[tei-council] Chapter 1

Sat Jan 5 15:22:10 EST 2008

Brett Zamir wrote:
> Hi,
>
> This first chapter raised a number of more questions for me than some 
> of the others, though, as usual, many are more such stylistic 
> suggestions. Some suggestions might occasionally seem redundant, but I 
> think good communicative systems have some inherent redundancy, 
> especially for dim-wits--I mean slow learners--like me.
>
> *General issues:
> *
> 1) Shouldn't specific chapters be prefixed with "Chapter" capitalized 
> (and same with "Section" too)?
>
This could be generated by stylesheet if there was a general feeling it 
should be, obviously. But no-one has suggested it till now. Some of the 
titles are quite long...

> 2) From my limited perspective, customization, unless absolutely 
> necessary, seems to be something to be avoided rather than encouraged.
This is a fundamental point about the TEI. You cannot use the TEI scheme 
without "customizing" in some sense -- you have to select which modules 
you want.

> HTML had been fractured between only a couple of browsers and it was 
> frustrating enough. While there may not be TEI processors besides Roma 
> yet, I imagine that tools will eventually develop to allow browsing 
> and searching of such documents in specifically focused, user-friendly 
> ways, given the great potential of such semantically rich documents as 
> TEI and the increasing popularity of XQuery, etc. I think it is great 
> that TEI is modular, but, in my humble estimation, I think the 
> documentation ought to (emphatically) highlight the disadvantages of 
> customizing, for those who might ever wish to share their documents 
> beyond their own internal use.
>
You'll have to tell us what you consider those disadvantages to be, I'm 
afraid!

> *The TEI Infrastructure - **Specific Issues*
>
> 1.2 - Defining a TEI Schema
>
> 1) "The method...recommended by these Guidelines is to provide 
> explicitly or by reference a TEI schema specification against which 
> the document may be validated."  What is the means recommended here in 
> saying "by reference"? Just by referring to a URL where the 
> specification is kept? Is there a standard element for doing this 
> (when not actually including the schema documentation elements)?

Maybe the phrase "by reference" is a bit misleading. All it means is 
that there has to be some way of associating a document instance with 
its schema.
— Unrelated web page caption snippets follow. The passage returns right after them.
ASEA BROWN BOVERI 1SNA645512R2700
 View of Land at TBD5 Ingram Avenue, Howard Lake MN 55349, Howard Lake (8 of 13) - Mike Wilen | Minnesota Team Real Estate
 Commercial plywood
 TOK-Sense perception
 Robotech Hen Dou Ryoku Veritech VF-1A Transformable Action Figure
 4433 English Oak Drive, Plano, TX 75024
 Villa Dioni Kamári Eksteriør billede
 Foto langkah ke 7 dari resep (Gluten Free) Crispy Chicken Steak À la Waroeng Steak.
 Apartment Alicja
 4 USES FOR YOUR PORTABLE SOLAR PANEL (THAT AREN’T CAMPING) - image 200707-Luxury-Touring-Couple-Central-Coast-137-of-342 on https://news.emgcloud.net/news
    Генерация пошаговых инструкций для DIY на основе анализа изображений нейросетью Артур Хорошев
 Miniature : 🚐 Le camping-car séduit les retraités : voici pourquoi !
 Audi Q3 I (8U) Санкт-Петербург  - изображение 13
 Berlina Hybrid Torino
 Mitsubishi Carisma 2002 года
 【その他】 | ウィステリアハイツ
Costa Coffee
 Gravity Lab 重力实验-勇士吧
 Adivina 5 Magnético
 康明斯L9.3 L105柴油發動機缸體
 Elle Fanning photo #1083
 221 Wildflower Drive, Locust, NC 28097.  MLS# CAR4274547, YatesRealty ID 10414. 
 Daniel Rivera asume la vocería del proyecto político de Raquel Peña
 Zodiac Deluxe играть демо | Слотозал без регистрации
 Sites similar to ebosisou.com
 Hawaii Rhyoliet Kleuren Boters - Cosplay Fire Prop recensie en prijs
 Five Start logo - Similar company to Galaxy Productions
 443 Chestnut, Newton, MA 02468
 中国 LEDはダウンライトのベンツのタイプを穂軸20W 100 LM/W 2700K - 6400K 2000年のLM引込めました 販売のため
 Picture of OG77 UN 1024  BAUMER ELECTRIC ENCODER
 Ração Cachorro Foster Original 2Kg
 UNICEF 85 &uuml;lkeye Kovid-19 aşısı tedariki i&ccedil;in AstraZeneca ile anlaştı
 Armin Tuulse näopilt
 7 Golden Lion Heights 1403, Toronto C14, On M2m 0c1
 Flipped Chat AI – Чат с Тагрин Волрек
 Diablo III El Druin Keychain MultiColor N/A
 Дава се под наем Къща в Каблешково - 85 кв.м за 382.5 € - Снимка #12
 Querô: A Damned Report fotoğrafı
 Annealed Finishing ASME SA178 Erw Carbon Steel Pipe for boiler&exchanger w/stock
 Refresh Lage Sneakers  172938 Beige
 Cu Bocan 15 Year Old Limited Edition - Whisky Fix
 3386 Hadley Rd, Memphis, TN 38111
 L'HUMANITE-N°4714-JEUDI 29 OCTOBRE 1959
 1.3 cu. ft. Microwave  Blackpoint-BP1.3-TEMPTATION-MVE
You can do that in a number of different ways, of course, 
(as discussed elsewhere) but one way is actually to provide the schema 
and the instance together in the same document -- or to provide some 
kind of reference for the schema. There is no standard element or 
attribute for doing that in TEI -- (unless you are using XSD of course)
>
> 2) "*A TEI-conformant schema* is a specific combination of TEI 
> modules, *possibly also *including additional declarations that modify 
> the element and attribute declarations contained by each module, for 
> example *to suppress or rename some elements*." How can it still be a 
> TEI-conformant schema if its elements are being renamed? Does this 
> just mean that the process of renaming, etc. is conformantly-documented?
>
You need to read the chapter on conformance for the full picture but, 
for example, a document in which all the element names are translated 
into German or Chinese according to the mappings provided by the TEI is 
still a TEI conformant document.

> 3) Might I suggest referring to a resources page which includes 
> reference to Roma for the discussion which mentions that "the 
> specification may be processed to generate a formal schema..."? If I'm 
> reading this and looking for help, I have no idea how this process 
> would be accomplished or where to look.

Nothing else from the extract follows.